Ghostbuster is a detector designed to identify AI-generated text, regardless of the model used. It employs a multi-step process where documents are analyzed by passing them through various language models. By conducting a structured search over potential combinations of these models’ features, Ghostbuster selects relevant characteristics and trains a classifier to recognize AI-generated content.
It’s important to understand that Ghostbuster’s training data primarily consists of news articles, student essays, and creative writing in American and British English. Consequently, its effectiveness may vary when applied to texts in different styles, languages, or authored by non-native English speakers. Additionally, Ghostbuster may struggle with shorter texts or domains significantly different from its training data.

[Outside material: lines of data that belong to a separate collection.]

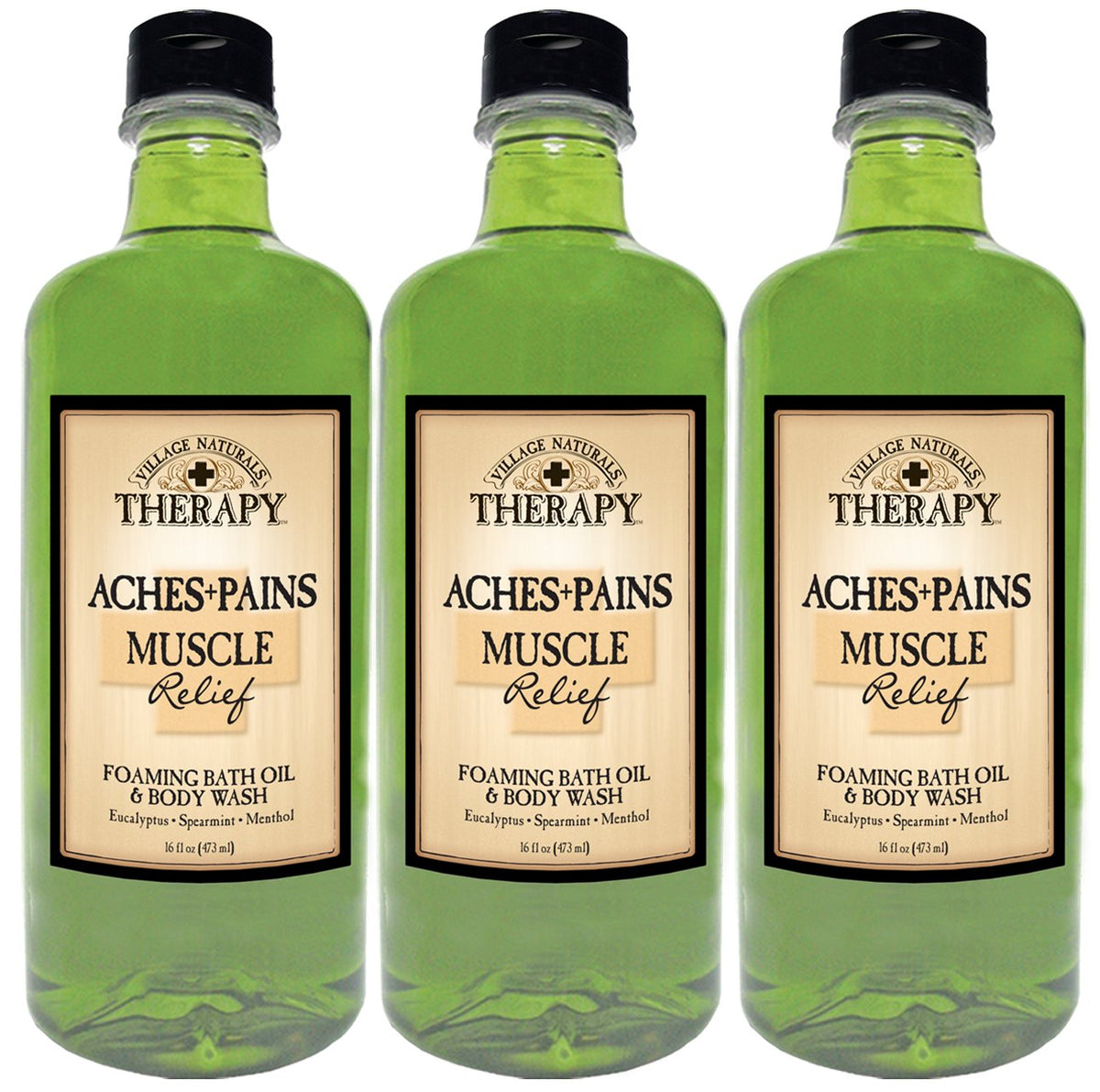 Village Naturals Therapy Aches & Pains Foaming Bath Oil & Body Wash, 16Oz (3-Pack)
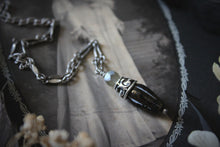 Load image into Gallery viewer, A Dark Tale | Tearcatcher, No.2. Antiqued Silver &amp; Glass Pendant Necklace.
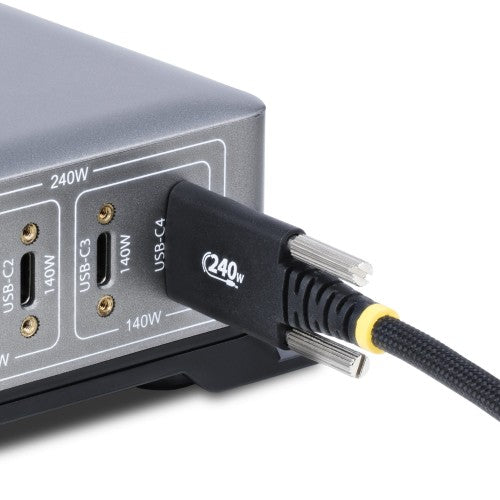 StarTech.com 10ft (3m) USB-C Charging Cable, Side Screw Locking, 240W (5A) PD EPR, Dual-Layer Silicone/Braided Jacket, USB 2.0 Laptop Charger Cable, USB-IF Certified, Rugged USB-C Charging Cord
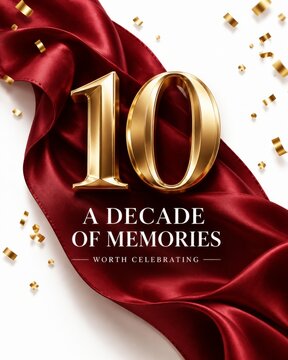 Celebrating a Decade of Memories With Golden Numbers and Red Ribbon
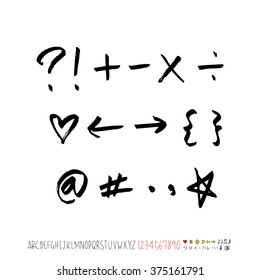 Alphabet & number / handwriting - vector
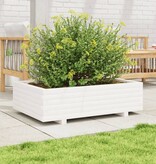 VidaXL Plantenbak 90x60x26,5 cm massief grenenhout wit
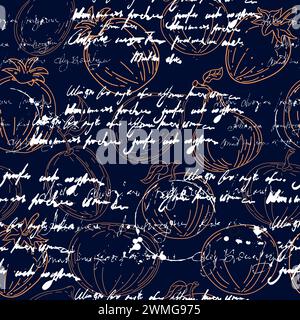 Ripetizione senza cuciture. Disegno a mano frutti di schizzo bianco e nero Illustrazione Vettoriale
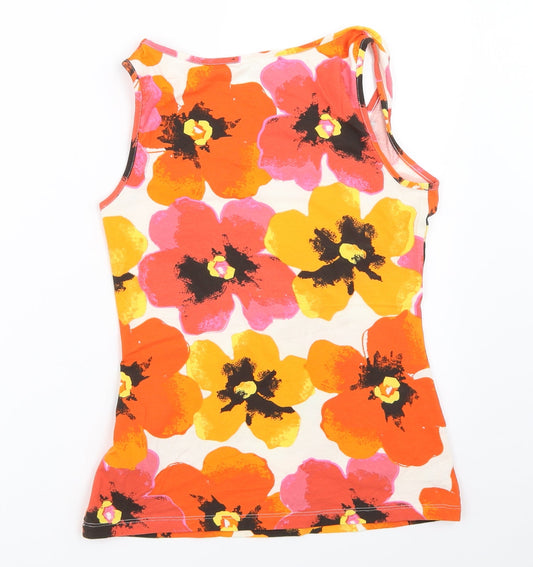 ESMARA Womens Orange Floral  Basic Tank Size S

It’s crucial to note that Ghostbuster isn’t meant for systems that automatically penalize students or writers without human verification. While it’s not infallible and may produce incorrect predictions, particularly if text is edited or paraphrased by humans, its purpose is to assist rather than replace human oversight.
In terms of privacy, Ghostbuster relies on the OpenAI API for its operations. While its developers pledge not to publicly distribute the data, they can’t guarantee the privacy of the inputs provided to the tool.
Lastly, Ghostbuster isn’t recommended for texts shorter than 100 words or within the range of 100-250 words, as its reliability diminishes in these cases.